Script to re-create the data (arangosh --javascript.execute <file>):

db._createDatabase('Library')
db._useDatabase('Library')

const User = db._create('User')
const Book = db._create('Book')
const Author = db._create('Author')

const User_Book = db._createEdgeCollection('User_Book')
const Book_Author = db._createEdgeCollection('Book_Author')

User.save({ '_key': '001', 'UserName': 'U1' })

Book.save({ '_key': 'B1', 'Name': 'B1' })
Book.save({ '_key': 'B2', 'Name': 'B2' })
Book.save({ '_key': 'B3', 'Name': 'B3' })
Book.save({ '_key': 'B4', 'Name': 'B4' })
Book.save({ '_key': 'B5', 'Name': 'B5' })
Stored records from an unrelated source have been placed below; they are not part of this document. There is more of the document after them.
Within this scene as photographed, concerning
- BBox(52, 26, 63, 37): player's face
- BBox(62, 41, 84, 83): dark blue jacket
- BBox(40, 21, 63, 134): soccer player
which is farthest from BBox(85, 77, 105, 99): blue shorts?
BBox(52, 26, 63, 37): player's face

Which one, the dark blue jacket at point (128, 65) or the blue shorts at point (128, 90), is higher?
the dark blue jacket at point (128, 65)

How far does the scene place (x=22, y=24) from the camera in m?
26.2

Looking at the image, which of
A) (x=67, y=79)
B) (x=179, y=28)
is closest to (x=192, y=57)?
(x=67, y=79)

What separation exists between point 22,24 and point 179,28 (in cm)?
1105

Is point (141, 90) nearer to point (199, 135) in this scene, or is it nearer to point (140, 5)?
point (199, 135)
Author.save({ '_key': 'A', 'Name': 'A' })
Author.save({ '_key': 'B', 'Name': 'B' })
Author.save({ '_key': 'X', 'Name': 'X' })
Author.save({ '_key': 'Y', 'Name': 'Y' })
Author.save({ '_key': 'Z', 'Name': 'Z' })

User_Book.save({ '_from': 'User/001', '_to': 'Book/B1' })
User_Book.save({ '_from': 'User/001', '_to': 'Book/B2' })
User_Book.save({ '_from': 'User/001', '_to': 'Book/B3' })
User_Book.save({ '_from': 'User/001', '_to': 'Book/B4' })
User_Book.save({ '_from': 'User/001', '_to': 'Book/B5' })
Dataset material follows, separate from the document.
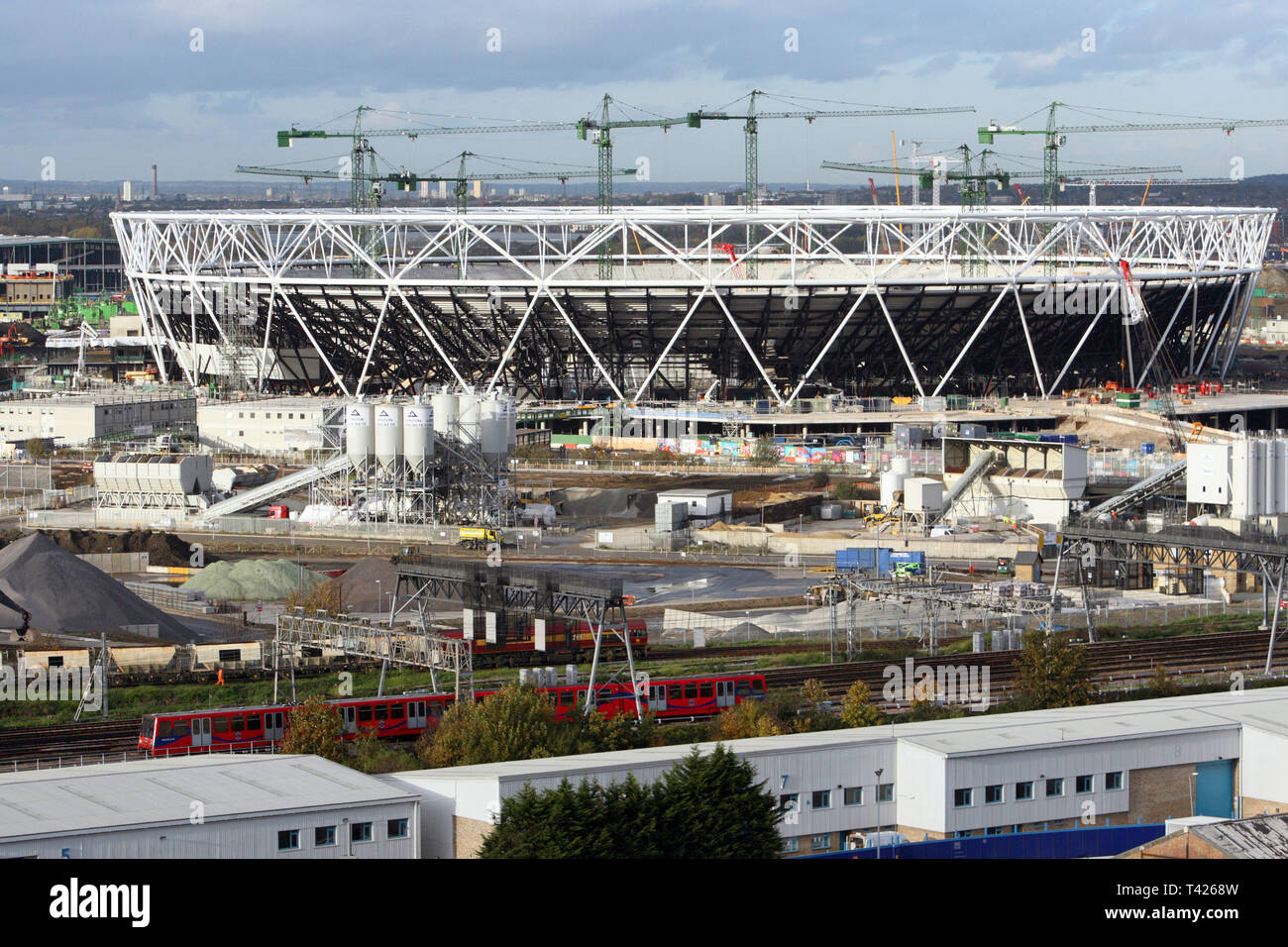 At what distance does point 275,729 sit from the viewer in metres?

Book_Author.save({ '_from': 'Book/B2', '_to': 'Author/A' })
Book_Author.save({ '_from': 'Book/B3', '_to': 'Author/B' })
Book_Author.save({ '_from': 'Book/B1', '_to': 'Author/X' })
Book_Author.save({ '_from': 'Book/B1', '_to': 'Author/Y' })
Book_Author.save({ '_from': 'Book/B1', '_to': 'Author/Z' })
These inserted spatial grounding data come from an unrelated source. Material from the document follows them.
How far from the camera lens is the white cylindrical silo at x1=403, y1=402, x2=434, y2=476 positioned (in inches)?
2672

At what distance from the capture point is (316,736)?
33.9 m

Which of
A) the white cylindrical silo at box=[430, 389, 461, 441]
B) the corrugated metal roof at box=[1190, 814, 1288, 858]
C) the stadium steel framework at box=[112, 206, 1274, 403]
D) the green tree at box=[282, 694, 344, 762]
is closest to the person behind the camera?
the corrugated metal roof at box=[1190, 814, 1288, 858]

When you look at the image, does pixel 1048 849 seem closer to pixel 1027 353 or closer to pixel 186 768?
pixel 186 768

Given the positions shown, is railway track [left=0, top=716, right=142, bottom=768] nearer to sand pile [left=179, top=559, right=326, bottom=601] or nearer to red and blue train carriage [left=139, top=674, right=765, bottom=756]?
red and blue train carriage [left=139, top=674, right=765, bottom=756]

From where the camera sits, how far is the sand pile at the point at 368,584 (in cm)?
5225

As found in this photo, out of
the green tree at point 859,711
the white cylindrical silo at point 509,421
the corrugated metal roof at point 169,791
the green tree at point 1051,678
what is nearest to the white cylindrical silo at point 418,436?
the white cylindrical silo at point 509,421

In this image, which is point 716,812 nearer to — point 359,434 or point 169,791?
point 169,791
const graph_module =  require('org/arangodb/general-graph')
const graph = graph_module._create('LibraryGraph')

graph._addVertexCollection('User')
graph._addVertexCollection('Book')
graph._addVertexCollection('Author')

graph._extendEdgeDefinitions(graph_module._relation('User_Book', ['User'], ['Book']))
graph._extendEdgeDefinitions(graph_module._relation('Book_Author', ['Book'], ['Author']))
1

There are 1 answers

0
CodeManX On BEST ANSWER

Instead of a single traversal with variable depth (1..2) to cover both cases, books with and without authors, I suggest to use two traversals:

FOR book IN OUTBOUND "User/001" GRAPH "LibraryGraph"
    LET author = FIRST(
        FOR author IN OUTBOUND book._id GRAPH "LibraryGraph"
            SORT author.Name
            LIMIT 1
            RETURN author.Name
    ) OR "\uFFFF"
    SORT author
    RETURN book

First we traverse from User/001 to the linked books. Then we do a second traversal from each book to the linked authors. This may return 0, 1 or multiple authors. The sub-query caps the result to the alphabetically first author (e.g. X out of X, Y, Z) and returns the name.

In the scope of the main query, we take the author name or fallback to a value that ends up last if sorted (null would end up first, which is not desired here). Then we sort the books by author name and return them:

Query result

Another way to achieve this result, yet harder to understand:

FOR v, e, p IN 1..2 OUTBOUND "User/001" GRAPH "LibraryGraph"
    LET name = p.vertices[2].Name OR "\uFFFF"
    COLLECT book = p.vertices[1] AGGREGATE author = MIN(name)
    SORT author
    RETURN book

The traversal returns paths with 2 or 3 vertices...

   [0]         [1]         [2]
User/001 --> Book/B2
User/001 --> Book/B2 --> Author/A
User/001 --> Book/B3
User/001 --> Book/B3 --> Author/B
User/001 --> Book/B4
User/001 --> Book/B5
User/001 --> Book/B1
User/001 --> Book/B1 --> Author/Y
User/001 --> Book/B1 --> Author/X
User/001 --> Book/B1 --> Author/Z

The authors at index 2 (p.vertices[2]) or a fallback value is temporarily stored in a variable name. Then the book vertices are grouped together to eliminate duplicates (caused by the variable traversal depth, which returns e.g. 001-->B2 but also the longer path 001-->B2-->A).

Aggregation is used to pick the author name with the lowest value (MIN), which usually means the alphabetically first - it probably doesn't work correctly for some languages and character sets however, whereas SORT does sort correctly based on the rules of the set language (can only be one per DBMS instance).

The grouping result - distinct book documents - is sorted by author names and returned.